In order to choose the best option, you must look at your business structure, your capital requirements, the cost of capital and your fit with the investor's intentions. 

Questions to ask:

1. Is my enterprise providing a broad charitable benefit? Regardless of whether you are an official 501c3 or not, you can sometimes gain access to charitably-minded funds if what you want to do can be considered "social impact". If so, you may be able to access a low interest loan, crowdfunding, or a grant through a fiscal sponsor.

2. What are your capital requirements? How much do you really need? Have you valued your company properly? Are your financials clean and ready for review? What about your sales markers? Do you have a path to profitability? And then, what is your exit strategy or plan to pay back your investors? What is your funding horizon? Answers to all of these questions are critical to optimizing your likelihood of fundraising success.

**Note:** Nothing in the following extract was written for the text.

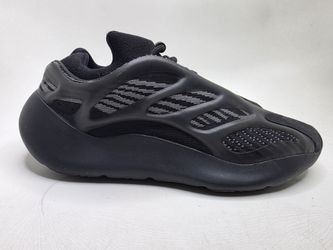 Men's 9.5 Adidas Yeezy 700 V3 'Dark Glow' GX6144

Be clear with yourself before you go into the process. If you need money fast, working with a foundation is rarely the way to go. An individual might invest more quickly, but may require different payback terms. 

3. What kinds of investments has your prospect already made? Can they afford to invest in your company? What is your investor's typical time horizon and level of engagement? It is also critically important to research under what securities rules you are soliciting investment and make sure you are staying inside SEC regulations. Finally, are you really looking for money, or are you hoping for something more from your investor, like distribution relationships or business advice?

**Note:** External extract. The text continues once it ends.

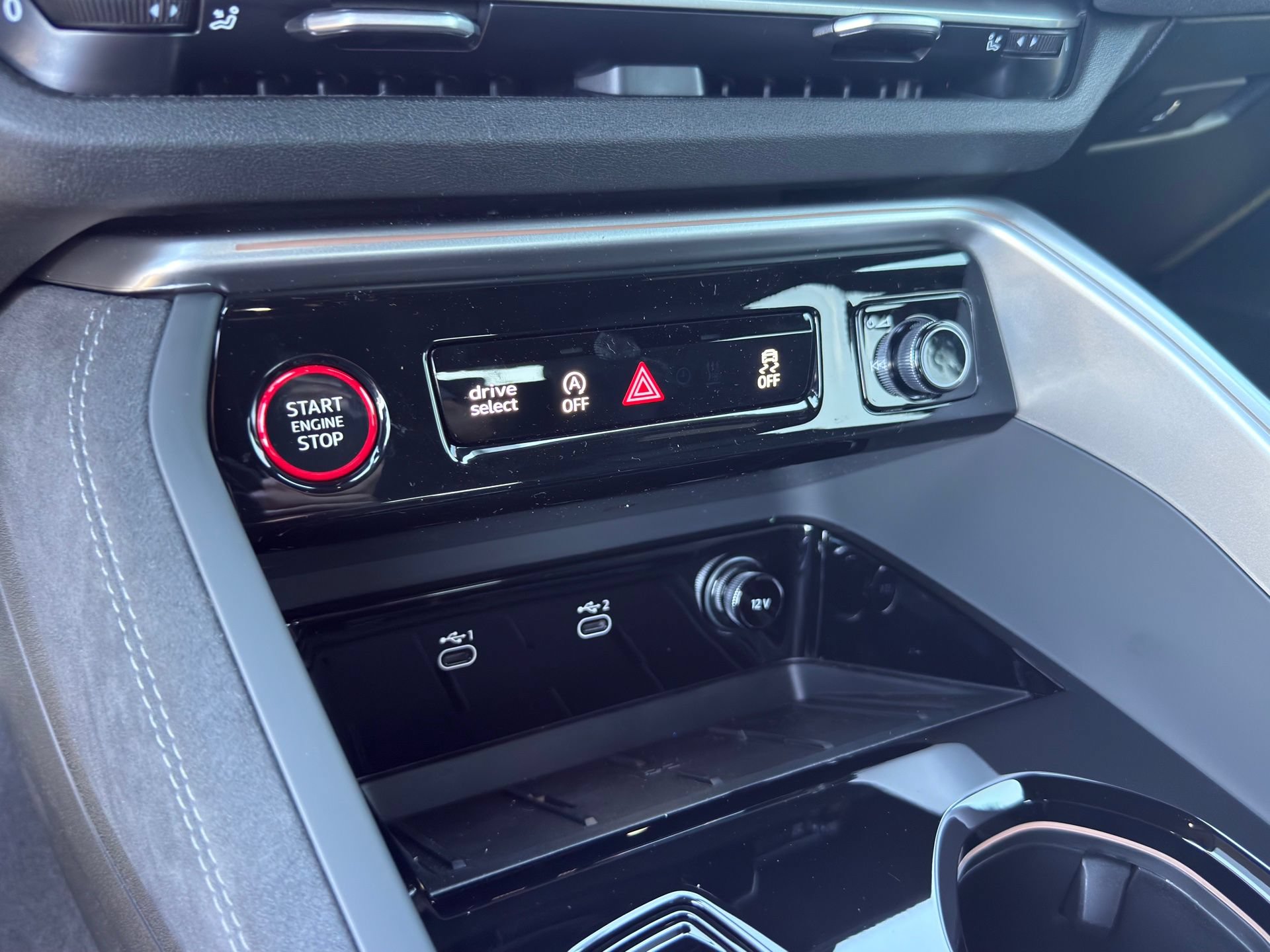 New 2026 Audi SQ5 Prestige AWD/4WD image 19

Finding investors is rarely as hard as it might seem. Start with like-minded enterprises and see who funded them. Some of the most overlooked investment sources are individuals or foundations based in your own community. Talk to your network. Research online. Figure out who the local foundations are. Word of mouth is one of your strongest tools - and a great way to start building buzz for your investment opportunity. While doing this prospect research, be sure to communicate your business successes on social media and through other channels. Remember that every conversation links to every other conversation. Network through your local chamber of commerce or funder alliance, and research online. Many communities have a local chapter of the Sustainable Agriculture Food Systems Funders or a venture capital network. RSF Social Finance is a pioneering social impact investment firm that holds regular webinars. Financing is rarely hard to find, although it takes hard work to secure it.

Some entrepreneurs assert that it is best to never take outside investment, including loans, preferring instead to grow organically through traditional means such as sales revenue, so they can keep full ownership of their business. Other businesses require large amounts of capital up front, like agriculture, value-added products, technology or infrastructure, and usually have to take on some kind of front end investment. The interplay between investors and entrepreneurs is delicate. Both sides want to see success, but sometimes their interests are at odds. The more you can do up front to make sure that terms, and expectations are aligned, the better.